VCDX Quick Hit – Monitoring and Alerting

This is the first post in what I plan to be a sporadic, yet on-going series highlighting certain aspects of a VCDX / Architect skillset. These VCDX Quick Hits will cover a range of topics and key in on certain aspects of the VCDX blueprint. It is my hope they will trigger some level of critical thinking on the readers part and help them improve their skillset.

The idea for this post came after listening to a post-mortem call for a recent incident that occurred at work. The incident itself was a lower priority Severity 2 incident, meaning it only impacted a small subset of customers in a small failure domain (a single vCenter Server). As architects, we know monitoring is a key component of any architecture design — whether it is intended for a VCDX submission or not.

In IT Architect: Foundation in the Art of Infrastructure Design (Amazon link), the authors state:

“A good monitoring solution will identify key metrics of both the physical and virtual infrastructure across all key resources compute, storage, and networking.”

The post-mortem call got me thinking about maturity within our monitoring solutions and improving our architecture designs by striving to understand the components better earlier in the design and pilot phases.

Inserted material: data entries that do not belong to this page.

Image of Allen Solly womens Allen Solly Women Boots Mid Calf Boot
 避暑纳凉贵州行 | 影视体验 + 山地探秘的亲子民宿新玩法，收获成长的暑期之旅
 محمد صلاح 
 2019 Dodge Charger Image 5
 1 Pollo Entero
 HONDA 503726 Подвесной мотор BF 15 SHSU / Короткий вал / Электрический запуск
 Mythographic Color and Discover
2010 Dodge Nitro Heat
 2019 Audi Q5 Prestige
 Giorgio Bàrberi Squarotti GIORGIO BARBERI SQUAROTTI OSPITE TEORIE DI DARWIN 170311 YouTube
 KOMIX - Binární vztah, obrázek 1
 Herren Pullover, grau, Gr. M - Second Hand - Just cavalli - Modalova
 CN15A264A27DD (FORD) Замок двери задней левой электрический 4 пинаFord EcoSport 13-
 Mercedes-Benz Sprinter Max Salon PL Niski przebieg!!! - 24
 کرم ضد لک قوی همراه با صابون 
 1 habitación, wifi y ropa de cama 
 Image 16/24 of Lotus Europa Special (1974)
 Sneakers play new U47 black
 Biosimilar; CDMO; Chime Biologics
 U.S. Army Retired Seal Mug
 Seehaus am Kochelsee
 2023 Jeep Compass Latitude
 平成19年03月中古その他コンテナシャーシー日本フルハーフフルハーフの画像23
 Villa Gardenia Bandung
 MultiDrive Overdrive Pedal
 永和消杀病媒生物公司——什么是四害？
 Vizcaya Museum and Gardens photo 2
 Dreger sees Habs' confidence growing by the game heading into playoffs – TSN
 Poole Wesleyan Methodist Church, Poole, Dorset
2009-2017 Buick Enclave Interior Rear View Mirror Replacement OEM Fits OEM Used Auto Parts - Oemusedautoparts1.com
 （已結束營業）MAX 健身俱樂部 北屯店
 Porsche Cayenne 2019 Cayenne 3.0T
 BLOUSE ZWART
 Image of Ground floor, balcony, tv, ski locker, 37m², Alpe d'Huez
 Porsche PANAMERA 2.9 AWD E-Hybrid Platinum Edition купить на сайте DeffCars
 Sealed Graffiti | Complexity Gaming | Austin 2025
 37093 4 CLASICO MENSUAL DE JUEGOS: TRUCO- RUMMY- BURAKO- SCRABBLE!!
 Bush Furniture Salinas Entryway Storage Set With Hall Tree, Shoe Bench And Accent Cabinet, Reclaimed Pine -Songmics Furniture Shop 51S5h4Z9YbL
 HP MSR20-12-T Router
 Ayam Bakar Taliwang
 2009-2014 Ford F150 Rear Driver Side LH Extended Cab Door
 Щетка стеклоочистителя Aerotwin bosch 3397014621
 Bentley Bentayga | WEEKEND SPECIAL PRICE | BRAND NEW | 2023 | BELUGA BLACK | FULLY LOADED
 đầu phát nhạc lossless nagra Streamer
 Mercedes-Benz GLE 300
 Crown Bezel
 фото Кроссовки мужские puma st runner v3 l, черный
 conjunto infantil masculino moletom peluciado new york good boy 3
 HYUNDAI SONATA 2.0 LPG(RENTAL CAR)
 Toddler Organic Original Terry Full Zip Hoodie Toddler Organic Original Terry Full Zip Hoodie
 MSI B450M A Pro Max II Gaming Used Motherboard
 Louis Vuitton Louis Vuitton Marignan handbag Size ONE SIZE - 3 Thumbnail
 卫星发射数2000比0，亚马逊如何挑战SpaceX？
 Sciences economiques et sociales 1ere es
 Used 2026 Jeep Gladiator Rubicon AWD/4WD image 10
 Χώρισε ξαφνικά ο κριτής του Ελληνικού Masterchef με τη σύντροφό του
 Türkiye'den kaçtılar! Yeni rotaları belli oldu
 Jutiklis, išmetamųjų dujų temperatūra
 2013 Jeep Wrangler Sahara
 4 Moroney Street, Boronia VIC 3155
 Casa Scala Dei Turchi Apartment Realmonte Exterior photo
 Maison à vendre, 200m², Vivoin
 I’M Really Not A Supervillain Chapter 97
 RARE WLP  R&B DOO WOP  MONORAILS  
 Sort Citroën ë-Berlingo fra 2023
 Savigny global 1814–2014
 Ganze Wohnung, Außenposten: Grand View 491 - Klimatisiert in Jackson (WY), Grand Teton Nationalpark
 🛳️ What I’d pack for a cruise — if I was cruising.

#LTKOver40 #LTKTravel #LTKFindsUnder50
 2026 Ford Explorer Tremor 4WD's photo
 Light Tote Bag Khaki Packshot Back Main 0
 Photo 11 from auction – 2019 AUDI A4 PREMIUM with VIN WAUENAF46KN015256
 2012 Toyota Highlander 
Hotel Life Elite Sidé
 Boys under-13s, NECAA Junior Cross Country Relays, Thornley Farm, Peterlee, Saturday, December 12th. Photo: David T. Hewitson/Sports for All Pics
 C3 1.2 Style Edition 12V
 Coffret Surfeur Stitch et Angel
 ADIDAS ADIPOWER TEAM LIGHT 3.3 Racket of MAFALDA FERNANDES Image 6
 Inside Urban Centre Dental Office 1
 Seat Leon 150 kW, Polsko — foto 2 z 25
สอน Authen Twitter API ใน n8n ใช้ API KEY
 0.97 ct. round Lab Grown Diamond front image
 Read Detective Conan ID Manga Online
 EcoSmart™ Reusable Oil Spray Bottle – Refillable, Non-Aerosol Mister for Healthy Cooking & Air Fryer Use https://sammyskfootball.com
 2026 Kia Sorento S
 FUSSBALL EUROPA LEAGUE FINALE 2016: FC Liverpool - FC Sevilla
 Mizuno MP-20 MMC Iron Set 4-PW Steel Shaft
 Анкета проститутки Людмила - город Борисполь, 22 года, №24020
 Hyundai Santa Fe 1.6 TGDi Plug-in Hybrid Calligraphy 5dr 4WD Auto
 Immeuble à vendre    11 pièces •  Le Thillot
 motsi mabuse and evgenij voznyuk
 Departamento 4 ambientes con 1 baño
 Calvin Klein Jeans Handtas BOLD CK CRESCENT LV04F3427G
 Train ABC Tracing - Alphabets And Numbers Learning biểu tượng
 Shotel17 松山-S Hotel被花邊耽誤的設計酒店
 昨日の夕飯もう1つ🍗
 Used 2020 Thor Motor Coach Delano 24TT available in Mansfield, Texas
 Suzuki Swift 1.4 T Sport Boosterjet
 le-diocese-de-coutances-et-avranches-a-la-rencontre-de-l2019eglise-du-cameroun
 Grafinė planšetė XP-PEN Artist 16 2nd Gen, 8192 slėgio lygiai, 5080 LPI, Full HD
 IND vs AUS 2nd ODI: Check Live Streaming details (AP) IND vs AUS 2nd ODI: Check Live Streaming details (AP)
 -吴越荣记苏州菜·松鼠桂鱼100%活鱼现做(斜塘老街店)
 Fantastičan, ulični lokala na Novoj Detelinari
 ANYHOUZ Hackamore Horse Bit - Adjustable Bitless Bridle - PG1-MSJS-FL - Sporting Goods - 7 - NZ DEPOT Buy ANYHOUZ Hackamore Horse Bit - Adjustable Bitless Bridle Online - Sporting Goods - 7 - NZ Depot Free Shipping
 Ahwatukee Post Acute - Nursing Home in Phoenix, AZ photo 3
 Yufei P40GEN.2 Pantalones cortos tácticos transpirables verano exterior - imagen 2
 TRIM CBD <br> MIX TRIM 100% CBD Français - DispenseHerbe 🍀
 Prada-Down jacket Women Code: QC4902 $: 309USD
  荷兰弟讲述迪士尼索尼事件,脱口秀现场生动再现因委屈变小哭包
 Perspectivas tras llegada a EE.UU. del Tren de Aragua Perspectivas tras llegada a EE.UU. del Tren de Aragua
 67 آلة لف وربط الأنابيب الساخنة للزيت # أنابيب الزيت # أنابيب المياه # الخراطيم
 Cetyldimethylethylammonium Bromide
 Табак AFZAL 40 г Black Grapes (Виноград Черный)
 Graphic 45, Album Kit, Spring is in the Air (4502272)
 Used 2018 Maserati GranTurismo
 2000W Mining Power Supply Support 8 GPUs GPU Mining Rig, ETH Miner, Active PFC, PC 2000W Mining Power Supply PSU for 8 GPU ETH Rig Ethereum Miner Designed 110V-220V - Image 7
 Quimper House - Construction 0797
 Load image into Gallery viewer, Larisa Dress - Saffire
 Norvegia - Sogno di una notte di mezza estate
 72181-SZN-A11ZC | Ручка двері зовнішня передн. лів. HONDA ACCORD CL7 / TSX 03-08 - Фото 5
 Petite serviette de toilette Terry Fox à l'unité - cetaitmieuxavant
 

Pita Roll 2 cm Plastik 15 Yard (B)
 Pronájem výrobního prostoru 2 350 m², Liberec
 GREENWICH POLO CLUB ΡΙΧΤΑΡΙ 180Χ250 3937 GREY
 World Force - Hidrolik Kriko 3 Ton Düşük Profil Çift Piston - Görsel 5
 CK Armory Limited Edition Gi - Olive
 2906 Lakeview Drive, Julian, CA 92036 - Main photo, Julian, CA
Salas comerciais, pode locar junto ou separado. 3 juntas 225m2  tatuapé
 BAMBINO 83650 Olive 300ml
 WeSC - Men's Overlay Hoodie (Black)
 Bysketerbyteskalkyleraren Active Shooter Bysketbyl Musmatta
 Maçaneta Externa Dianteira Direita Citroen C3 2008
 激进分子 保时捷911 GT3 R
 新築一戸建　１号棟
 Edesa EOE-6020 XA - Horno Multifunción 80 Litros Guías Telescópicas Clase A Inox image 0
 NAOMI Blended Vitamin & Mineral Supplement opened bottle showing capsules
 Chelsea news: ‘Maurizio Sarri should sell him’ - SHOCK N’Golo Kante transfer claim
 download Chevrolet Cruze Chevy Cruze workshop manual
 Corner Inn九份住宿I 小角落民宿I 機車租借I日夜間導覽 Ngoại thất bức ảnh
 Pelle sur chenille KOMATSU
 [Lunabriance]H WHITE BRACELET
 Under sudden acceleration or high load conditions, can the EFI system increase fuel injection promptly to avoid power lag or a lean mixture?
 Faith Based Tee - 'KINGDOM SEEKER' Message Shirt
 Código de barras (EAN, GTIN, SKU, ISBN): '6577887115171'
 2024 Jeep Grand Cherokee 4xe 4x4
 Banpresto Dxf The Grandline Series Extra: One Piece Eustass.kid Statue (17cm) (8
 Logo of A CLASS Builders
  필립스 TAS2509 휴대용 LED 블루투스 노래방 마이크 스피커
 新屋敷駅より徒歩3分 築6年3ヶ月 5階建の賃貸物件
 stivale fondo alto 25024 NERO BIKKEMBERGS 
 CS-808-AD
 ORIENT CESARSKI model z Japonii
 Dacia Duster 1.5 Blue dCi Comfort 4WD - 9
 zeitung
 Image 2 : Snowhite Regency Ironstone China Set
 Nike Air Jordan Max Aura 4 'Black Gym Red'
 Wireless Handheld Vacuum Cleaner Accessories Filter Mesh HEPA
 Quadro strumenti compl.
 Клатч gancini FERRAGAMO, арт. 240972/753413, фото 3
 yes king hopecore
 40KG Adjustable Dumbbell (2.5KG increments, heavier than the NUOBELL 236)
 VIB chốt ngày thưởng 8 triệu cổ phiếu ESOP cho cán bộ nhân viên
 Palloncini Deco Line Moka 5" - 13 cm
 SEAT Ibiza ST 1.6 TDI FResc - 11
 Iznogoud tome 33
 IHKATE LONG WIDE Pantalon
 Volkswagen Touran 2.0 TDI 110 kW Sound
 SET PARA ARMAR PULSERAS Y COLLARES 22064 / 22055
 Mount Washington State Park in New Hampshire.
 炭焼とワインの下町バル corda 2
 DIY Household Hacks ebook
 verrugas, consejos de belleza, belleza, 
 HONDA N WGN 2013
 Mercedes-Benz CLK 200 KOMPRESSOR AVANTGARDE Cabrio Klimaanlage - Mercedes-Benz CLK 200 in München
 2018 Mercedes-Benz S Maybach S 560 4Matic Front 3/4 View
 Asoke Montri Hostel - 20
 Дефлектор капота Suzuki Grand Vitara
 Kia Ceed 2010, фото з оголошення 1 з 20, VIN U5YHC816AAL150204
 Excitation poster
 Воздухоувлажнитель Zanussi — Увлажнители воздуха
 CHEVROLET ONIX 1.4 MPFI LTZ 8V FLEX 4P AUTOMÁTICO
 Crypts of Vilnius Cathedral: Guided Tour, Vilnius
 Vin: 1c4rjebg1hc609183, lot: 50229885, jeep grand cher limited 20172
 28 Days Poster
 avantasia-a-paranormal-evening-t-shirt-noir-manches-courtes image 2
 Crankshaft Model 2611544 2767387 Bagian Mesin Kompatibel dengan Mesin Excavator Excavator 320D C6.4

It is common practice to identify the key components and services of an architecture we designed, or are responsible for, to outline which are key to support the service offering. When I wrote the VMware Integrated OpenStack design documentation, which later became the basis for my VCDX defense, I identified specific OpenStack services which needed to be monitored. The following screen capture shows how I captured the services within the documentation.

As you can see from the above graphic, I identified each service definition with a unique ID, documented the component/service, documented where the service should be running, and a brief description of the component/service. The information was used to create the Sprint story for the monitoring team to create the alert definitions within the monitoring solution.

All good right?

The short answer is, not really. What I provided in my design was adequate for an early service offering, but left room for further maturity. Going back to the post-mortem call, this is where additional maturity in the architecture design would have helped reduce the MTTR of the incident.

During the incident, two processes running on a single appliance were being monitored to determine if they were running. Just like my VMware Integrated OpenStack design, these services had been identified and were being monitored per the architecture specification. However, what was not documented was the dependency between the two processes. In this case, process B was dependent on process A and although process A was running, it was not properly responding to the queries from process B. As a result, the monitoring system believed everything was running correctly — it was from an alert definition perspective — and the incident was not discovered immediately. Once process A was restarted, it began responding to the queries from process B and service was restored.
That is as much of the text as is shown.